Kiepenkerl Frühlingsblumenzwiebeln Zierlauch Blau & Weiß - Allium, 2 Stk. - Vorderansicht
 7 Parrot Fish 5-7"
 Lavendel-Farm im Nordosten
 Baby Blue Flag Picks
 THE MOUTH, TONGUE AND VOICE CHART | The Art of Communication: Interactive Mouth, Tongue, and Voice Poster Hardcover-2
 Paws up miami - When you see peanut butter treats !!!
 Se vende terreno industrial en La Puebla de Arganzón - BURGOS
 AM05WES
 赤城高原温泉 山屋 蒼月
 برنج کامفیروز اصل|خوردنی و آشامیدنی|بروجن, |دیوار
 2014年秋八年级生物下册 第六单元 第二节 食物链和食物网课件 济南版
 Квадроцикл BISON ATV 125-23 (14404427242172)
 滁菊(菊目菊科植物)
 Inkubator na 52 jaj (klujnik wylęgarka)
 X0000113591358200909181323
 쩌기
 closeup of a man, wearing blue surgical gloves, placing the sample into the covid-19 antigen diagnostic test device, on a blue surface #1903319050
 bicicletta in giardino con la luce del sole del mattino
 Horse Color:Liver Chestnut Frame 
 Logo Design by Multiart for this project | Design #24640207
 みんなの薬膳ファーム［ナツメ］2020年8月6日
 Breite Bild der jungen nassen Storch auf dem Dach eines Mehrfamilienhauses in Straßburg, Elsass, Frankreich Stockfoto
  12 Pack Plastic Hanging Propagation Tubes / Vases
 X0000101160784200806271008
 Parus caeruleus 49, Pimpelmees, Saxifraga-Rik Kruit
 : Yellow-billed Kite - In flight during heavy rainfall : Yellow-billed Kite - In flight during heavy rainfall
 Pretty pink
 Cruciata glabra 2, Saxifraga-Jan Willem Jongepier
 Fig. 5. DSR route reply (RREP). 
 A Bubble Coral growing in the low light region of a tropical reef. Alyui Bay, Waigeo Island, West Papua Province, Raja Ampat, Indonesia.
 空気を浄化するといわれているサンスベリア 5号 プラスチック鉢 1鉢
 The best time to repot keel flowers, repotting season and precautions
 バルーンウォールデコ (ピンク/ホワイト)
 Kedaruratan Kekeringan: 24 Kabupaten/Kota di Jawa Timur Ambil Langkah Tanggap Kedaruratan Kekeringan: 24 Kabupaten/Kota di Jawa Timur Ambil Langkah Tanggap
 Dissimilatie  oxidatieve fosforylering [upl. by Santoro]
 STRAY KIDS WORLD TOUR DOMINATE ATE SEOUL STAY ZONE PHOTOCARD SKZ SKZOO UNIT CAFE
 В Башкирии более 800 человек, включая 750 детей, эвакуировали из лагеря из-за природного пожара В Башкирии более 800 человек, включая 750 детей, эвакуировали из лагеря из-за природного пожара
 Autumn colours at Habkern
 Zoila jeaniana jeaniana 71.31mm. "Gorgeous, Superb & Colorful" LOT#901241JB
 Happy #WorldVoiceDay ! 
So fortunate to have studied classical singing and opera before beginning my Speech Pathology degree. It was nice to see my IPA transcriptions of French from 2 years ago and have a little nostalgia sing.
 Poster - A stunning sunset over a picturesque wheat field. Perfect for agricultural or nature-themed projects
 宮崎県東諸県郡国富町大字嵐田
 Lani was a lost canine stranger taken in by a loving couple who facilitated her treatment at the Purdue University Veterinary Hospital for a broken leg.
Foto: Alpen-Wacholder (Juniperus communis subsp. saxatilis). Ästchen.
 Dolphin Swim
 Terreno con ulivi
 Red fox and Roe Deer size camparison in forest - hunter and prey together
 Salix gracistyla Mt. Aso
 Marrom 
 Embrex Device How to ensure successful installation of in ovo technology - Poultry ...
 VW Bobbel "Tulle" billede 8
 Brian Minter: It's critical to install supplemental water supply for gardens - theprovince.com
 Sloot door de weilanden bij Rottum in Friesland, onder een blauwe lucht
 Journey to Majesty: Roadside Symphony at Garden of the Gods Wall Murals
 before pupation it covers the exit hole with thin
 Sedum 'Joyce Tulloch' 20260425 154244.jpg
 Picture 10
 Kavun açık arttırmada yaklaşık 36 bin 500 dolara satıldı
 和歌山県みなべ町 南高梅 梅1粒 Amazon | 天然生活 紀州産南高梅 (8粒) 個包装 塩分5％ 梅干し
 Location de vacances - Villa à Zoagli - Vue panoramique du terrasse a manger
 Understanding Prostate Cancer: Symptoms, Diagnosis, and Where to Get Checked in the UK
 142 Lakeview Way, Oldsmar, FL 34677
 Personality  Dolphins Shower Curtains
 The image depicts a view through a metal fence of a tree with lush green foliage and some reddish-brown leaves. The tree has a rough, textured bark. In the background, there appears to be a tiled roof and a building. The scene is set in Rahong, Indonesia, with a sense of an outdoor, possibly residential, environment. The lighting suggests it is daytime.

• [Your objective]: Please make an exact copy of the lines above from the line with "Embrex Device How" through the line with "Understanding Prostate Cancer: Symptoms, Diagnosis, and", both ends included.

• [Response to the exercise]:
 Embrex Device How to ensure successful installation of in ovo technology - Poultry ...
 VW Bobbel "Tulle" billede 8
 Brian Minter: It's critical to install supplemental water supply for gardens - theprovince.com
 Sloot door de weilanden bij Rottum in Friesland, onder een blauwe lucht
 Journey to Majesty: Roadside Symphony at Garden of the Gods Wall Murals
 before pupation it covers the exit hole with thin
 Sedum 'Joyce Tulloch' 20260425 154244.jpg
 Picture 10
 Kavun açık arttırmada yaklaşık 36 bin 500 dolara satıldı
 和歌山県みなべ町 南高梅 梅1粒 Amazon | 天然生活 紀州産南高梅 (8粒) 個包装 塩分5％ 梅干し
 Location de vacances - Villa à Zoagli - Vue panoramique du terrasse a manger
 Understanding Prostate Cancer: Symptoms, Diagnosis, and Where to Get Checked in the UK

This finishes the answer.